#### DATA SECTION
- - - -

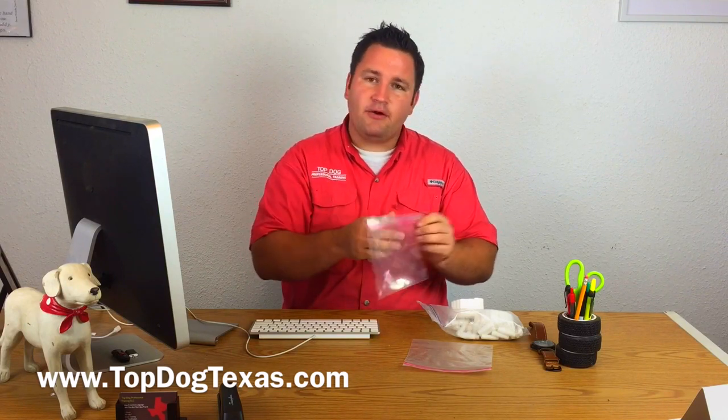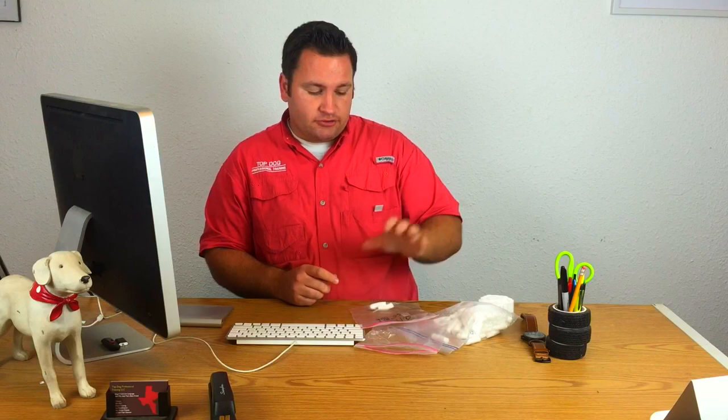Now an important part about storage: we always use freezer bags. You don't want to put all this work into collecting samples correctly only to get freezer burn and have them be unusable. Once you put it in the bag, squeeze all the air out, roll it up tight to get all the air out, then come back and label it.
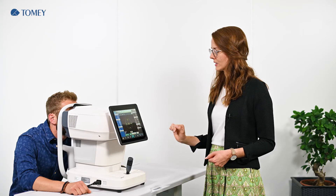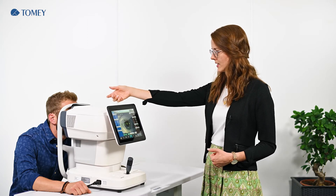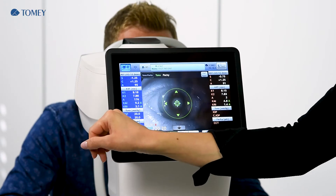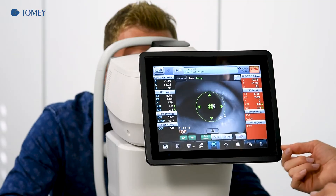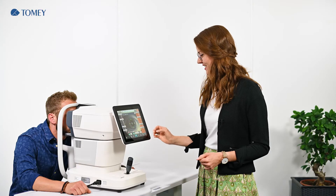Tono and paki uses another cone, so the cone in front of the device is rotating. In the first step, pachymetry is measured and afterwards we have the tonometry. For the tonometry, it is possible to choose between a single air puff or three air puffs.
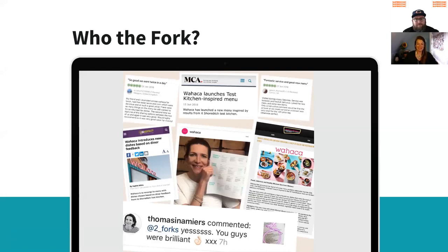Two Forks is me and Anna. We are food and drink copywriters. I did an intro in the other masterclass we did the other day, so I'm not going to go too far into what we do. Just to highlight that menu development and menu optimization is our absolute sweet spot — it's what we love to do.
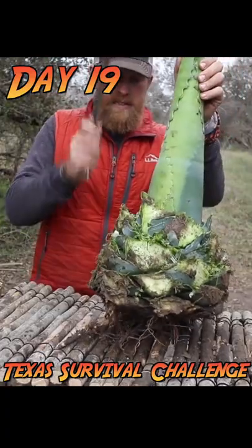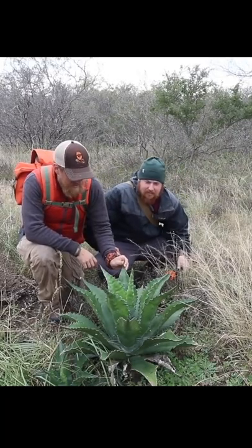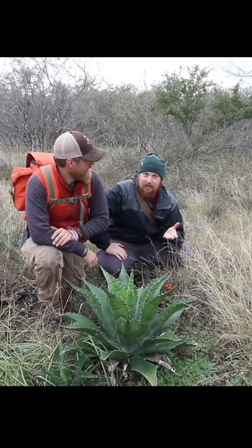We're gonna catch and cook the tequila plant. I wonder if it will taste good. We just found some treasure – wild agave. They are native to Texas. A blue agave is what is used to make tequila.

- - - -

#### WHAT NEEDS TO BE DONE
Your answer must reproduce exactly the lines from the line with "Two Forks is" through the end of the material, both ends included, with every picture dropped.

#### COMPLETED TASK
Two Forks is me and Anna. We are food and drink copywriters. I did an intro in the other masterclass we did the other day, so I'm not going to go too far into what we do. Just to highlight that menu development and menu optimization is our absolute sweet spot — it's what we love to do.
We're gonna catch and cook the tequila plant. I wonder if it will taste good. We just found some treasure – wild agave. They are native to Texas. A blue agave is what is used to make tequila.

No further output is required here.